Comparison of PostgreSQL and MySQL: An In-Depth Look at Architecture and Performance

Comparison of PostgreSQL and MySQL: An In-Depth Look at Architecture and Performance

Choosing a database management system (DBMS) is one of the key decisions when developing applications. PostgreSQL and MySQL are two of the most popular open-source relational DBMSs, each with its own architectural features, strengths, and weaknesses. Let’s take a closer look at their main differences.

1. Architecture: Processes vs. Threads

The fundamental difference between PostgreSQL and MySQL lies in how they handle client connections.

  • PostgreSQL: Uses a "process per connection" architecture. When PostgreSQL starts, it launches a main server process, which then spawns several background worker processes (background writer, checkpointer, autovacuum, WAL writer, statistics collector, log writer, archiver) that interact through shared memory. When a client connects to the database, a *separate* dedicated process (backend process) is created for it. This means each connection is served by its own operating system process.
  pstree -p 43545
  • MySQL: Traditionally associated with a multiprocess model, but the modern mysqld operates as a single-process server using multiple threads. When started, there is usually a wrapper process mysqld_safe (for proper startup on Linux) and the main server process mysqld. However, to handle each new client connection, mysqld creates not a new process, but a new *thread* within its own address space.
  -- Show active connections in mysql  
  show processlist \G

Impact:

  • Resources: Threads are generally "lighter" than processes because they share the same address space, which speeds up context switching. Creating a new process (like in PostgreSQL) is more resource-intensive.
  • Memory Management: Memory management in a multi-threaded environment (MySQL) can be simpler than coordinating memory across multiple independent processes (PostgreSQL).
  • Connection Pooling: The overhead of creating processes/threads makes using a connection pool crucial for both DBMS. PostgreSQL often relies on external tools like PgBouncer. MySQL, thanks to its thread-based architecture, has built-in thread caching mechanisms, allowing it to reuse resources more efficiently after a connection is closed.

2. Query Planner and Optimizer

SQL query processing in both databases goes through similar stages: Parser, Analyzer, Rewriter, Planner, and Executor. However, their optimization approaches differ.
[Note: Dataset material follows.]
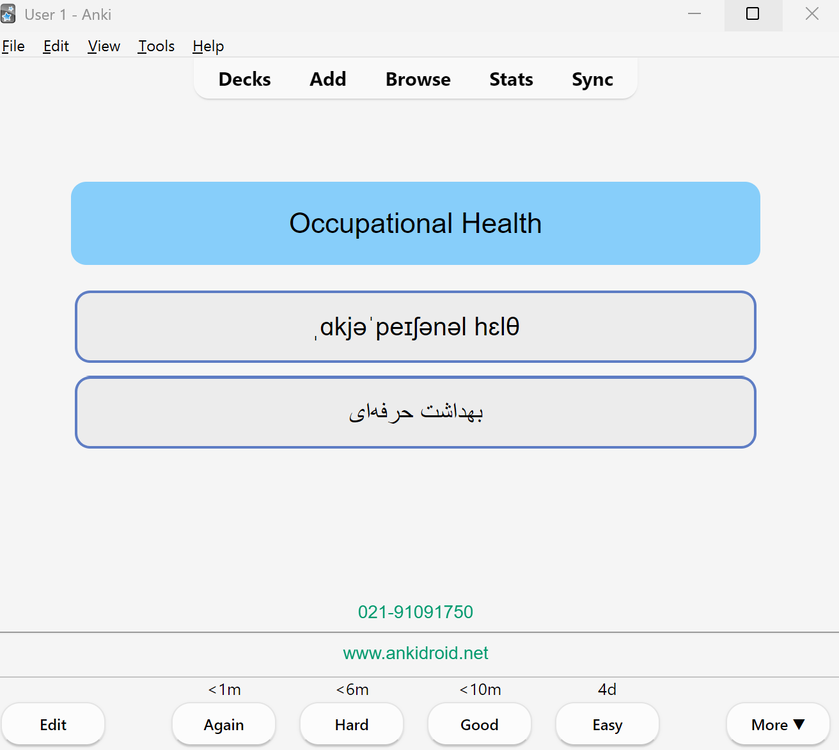 Screenshot 2026-08-04 111005.png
  • MySQL: Historically, MySQL has supported various storage engines, such as InnoDB and MyISAM. To ensure compatibility with different engines, the MySQL planner interacts with the executor via a standardized API. This means the planner doesn't always have full insight into the internal workings and specifics of a particular storage engine.
  • PostgreSQL: PostgreSQL doesn't use the concept of swappable storage engines at the same level of abstraction as MySQL. Its optimizer has direct access to all internal information about data storage structures, indexes, and statistics, without intermediate APIs.

Statistics: A key difference lies in the volume and granularity of the statistics collected by each DBMS to build query plans.
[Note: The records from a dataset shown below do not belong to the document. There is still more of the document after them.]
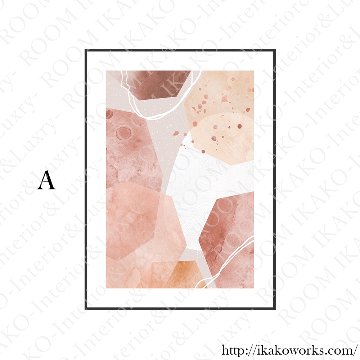 【国内配送・送料無料】ピンク×ブラウン×ストーン抽象画×淡色水彩×キャンバスアート×アートポスター【1~3営業日で出荷】[f750]の画像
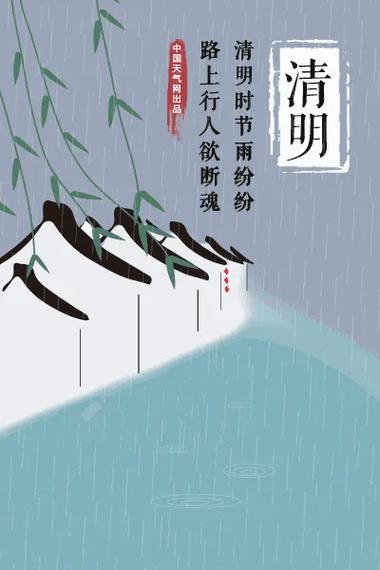 “望天而啼，天地清明。九微片片飞花开”打一生肖是什么的简单介绍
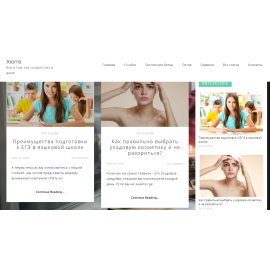 resell-center.ru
MySQL collects statistics on: PostgreSQL collects statistics on:
:---- :----
Clustered index size Table size
Number of rows Number of rows and number of pages in memory
Data distribution, including null fraction Null fraction
  Average column width in bytes
  Number of distinct values in a column
  Statistical correlation between physical and logical row order
  Data distribution (histograms)
  Most common values (MCVs) and their frequencies

Impact: Thanks to more detailed and diverse statistics, the PostgreSQL optimizer is often able to build more efficient plans for complex queries involving JOINs, aggregations, and analytical functions. This is one reason why PostgreSQL is often considered preferable for analytical workloads (OLAP).
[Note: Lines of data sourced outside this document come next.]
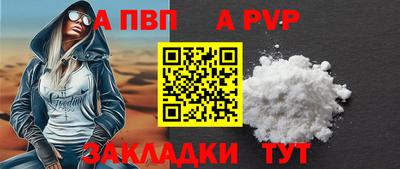 каннабис Камышлов
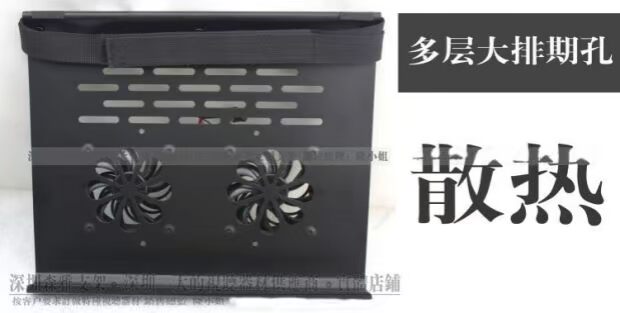 Quạt đôi Senya Máy tính xách tay Cantilever Giá đỡ Phụ kiện Khay máy tính Gắn tường Hỗ trợ Khóa bảo mật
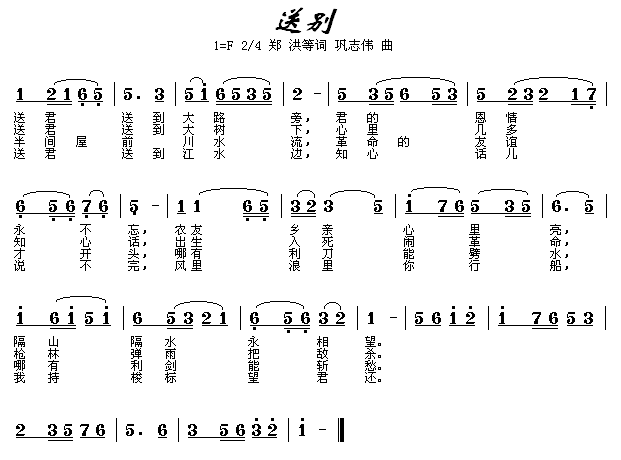 送别(二字歌谱)1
3. Data Storage and Transactionality (MVCC)

Both DBMS use Multi-Version Concurrency Control (MVCC) to manage concurrent access, but they implement it differently.

  • PostgreSQL: Implements MVCC by creating a new version of a row for each UPDATE. The old version of the row is not immediately deleted but is marked as inactive using the system columns `xmin` (the transaction ID that created the row) and `xmax` (the transaction ID that deleted or updated the row). Physically, old ("dead") rows remain in the table until they are removed by the VACUUM process.
    Pros: UPDATE is conceptually similar to an INSERT + marking the old row.
    Cons: Tables become "bloated" due to dead rows, requiring regular cleanup (VACUUM). Queries scanning the entire table might process inactive row versions, reducing performance until cleanup occurs.
  • MySQL (InnoDB): Implements MVCC differently. On UPDATE, the record is modified in place (in the main data structure). Information needed for transaction rollback or providing an old row version to other transactions is written to a separate segment—the undo log. Only the current data versions are always present on disk in the main storage.
    Pros: Table size on disk is more predictable and reflects the actual data volume. No need for a VACUUM equivalent to remove old row versions from the main storage.
    Cons: INSERT operations might be slightly slower than in PostgreSQL, as writing to the undo log is required in addition to inserting the record itself. UPDATE operations also involve writing to the undo log.

4. Garbage Collection (VACUUM in PostgreSQL)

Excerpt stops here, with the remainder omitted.